Note: Utilities and mining data are not available due to nondisclosure requirements.
Sources: IBRC, using QCEW data from the Bureau of Labor Statistics

The Lafayette MSA’s per capita personal income (PCPI) continues to lag behind the United States, with the 2009 PCPI only 76.4 percent of the national figure and 85.6 percent of Indiana’s 2009 PCPI; however, the Lafayette MSA is projected to see a 4 percent increase in its PCPI in 2010. The difference between the U.S. and the Lafayette MSA PCPI is likely attributable to the occupational mix in the MSA area and the fact that Indiana’s highest earning tier of occupations tend to be paid less than similar occupations elsewhere, regardless of cost of living factors.1 In 2011, the local PCPI is estimated to increase roughly 3.2 percent.


Residential construction peaked in 2000 with 1,830 permits issued for single and multi-family building permits in the Lafayette MSA (see Figure 2). Since 2004, there has been a dramatic slowdown in building permits (2006 and 2007 are the exception), ranging from 15 percent to 30 percent a year. January to September data for 2010 indicate that building permit issuances are actually up slightly (8.2 percent) over the 2009 data for the same time period.

Figure 2: Lafayette MSA Residential Building Permits, 1990 to 2010

*Reflects year-to-date figures through September 2010
Source: IBRC, using U.S. Census Bureau data

In 2009, 2,049 homes were sold in the Lafayette MSA, down 10.8 percent since 2005. Thirty-three percent of homes sold in the MSA were built in 2000 or later, compared to 23 percent statewide (see Figure 3).
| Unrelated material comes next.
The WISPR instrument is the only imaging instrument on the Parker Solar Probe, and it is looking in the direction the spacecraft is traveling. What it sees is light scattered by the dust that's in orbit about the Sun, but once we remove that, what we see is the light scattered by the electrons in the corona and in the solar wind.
Figure 3: Percent of Homes Sold by Year Built in the Lafayette MSA and Indiana, 2009

Source: IBRC, using Indiana Association of Realtors data

While Indiana did not experience the housing bubble burst to the extent of states like Florida and California, it was not immune to the overall downhill slide in home prices. The same holds true for the Lafayette MSA. While Indiana saw a decrease in median home values of 9.1 percent from 2005 to 2009, median home values dropped 10.6 percent in Benton County and declined 15.3 percent in Carroll County. However, the median values for Tippecanoe County were unchanged.
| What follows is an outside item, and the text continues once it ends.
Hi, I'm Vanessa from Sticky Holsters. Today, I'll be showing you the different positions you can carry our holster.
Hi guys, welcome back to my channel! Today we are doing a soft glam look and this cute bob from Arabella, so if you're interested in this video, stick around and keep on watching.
A comparison of the January through September figures for 2009 and 2010 finds that the Lafayette MSA real estate market is still relatively soft, as there has been a 0.9 percent decrease in closed sales (see Table 4). All three counties experienced an increase in median sales price, ranging from 0.4 percent in Tippecanoe to 12.8 percent in Carroll County.
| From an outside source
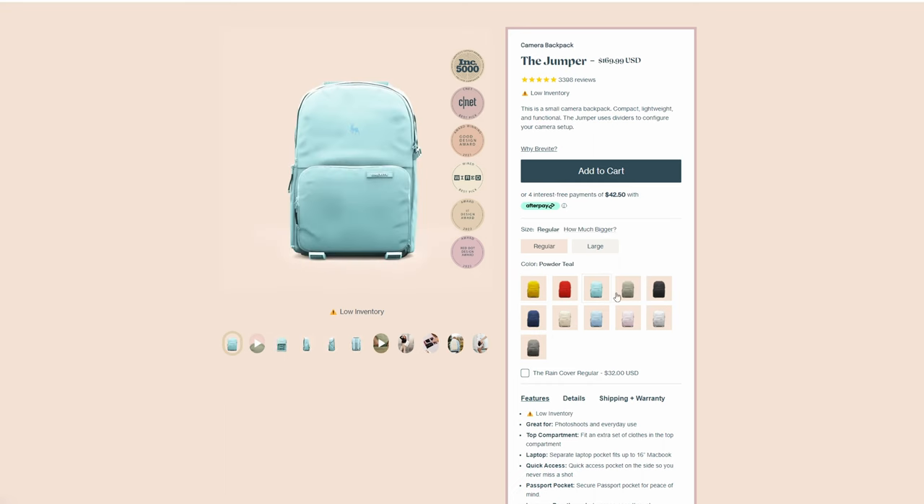It uses recycled material and BlueSign fabrics, and they're committed to donating $500,000 in camera bags to students in need. If that's important to you then we can be friends. There are 11 different colors that you can choose from, but availability is limited so you may have to wait depending on the color that you choose.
Table 4: Lafayette MSA Housing Market, January-September 2009 and 2010

Lafayette MSA Benton County Carroll County Tippecanoe County
2009 2010 Change 2009 2010 Change 2009 2010 Change 2009 2010 Change
New Listings 2,766 2,815 1.8% 96 98 2.1% 278 255 -8.3% 2,392 2,462 2.9%
Closed Sales 1,475 1,461 -0.9% 40 50 25.0% 117 120 2.6% 1,318 1,291 -2.0%
Median Sales Price n/a n/a n/a $63,000 $65,500 4.0% $72,250 $81,500 12.8% $121,500 $122,000 0.4%
Months Supply of Inventory 10.9 9.6 -11.7% 12.9 9.9 -23.3% 12.9 11.8 -8.5% 6.8 7.1 4.4%
Inventory of Homes for Sale 1,212 1,253 3.4% 64 53 -17.2% 166 162 -2.4% 982 1,038 5.7%

Note: Data for both years show January to September year-to-date.
Source: IBRC, using Indiana Association of Realtors data

In 2011, it is anticipated that home sale prices may increase modestly; however, demand for building permits may be languid despite low mortgage interest rates until the employment situation improves and consumers regain confidence in the economy. In the meantime, it is anticipated that the Lafayette MSA will continue to work off the excess inventory of houses to a more manageable level.


Overall, the Lafayette MSA outlook is expected to show a slight growth in population, employment, PCPI and housing activity, yet experience minor downturns in wages and earnings. The recovery will be modest and dependent on the rate of job growth and consumer confidence in the economy.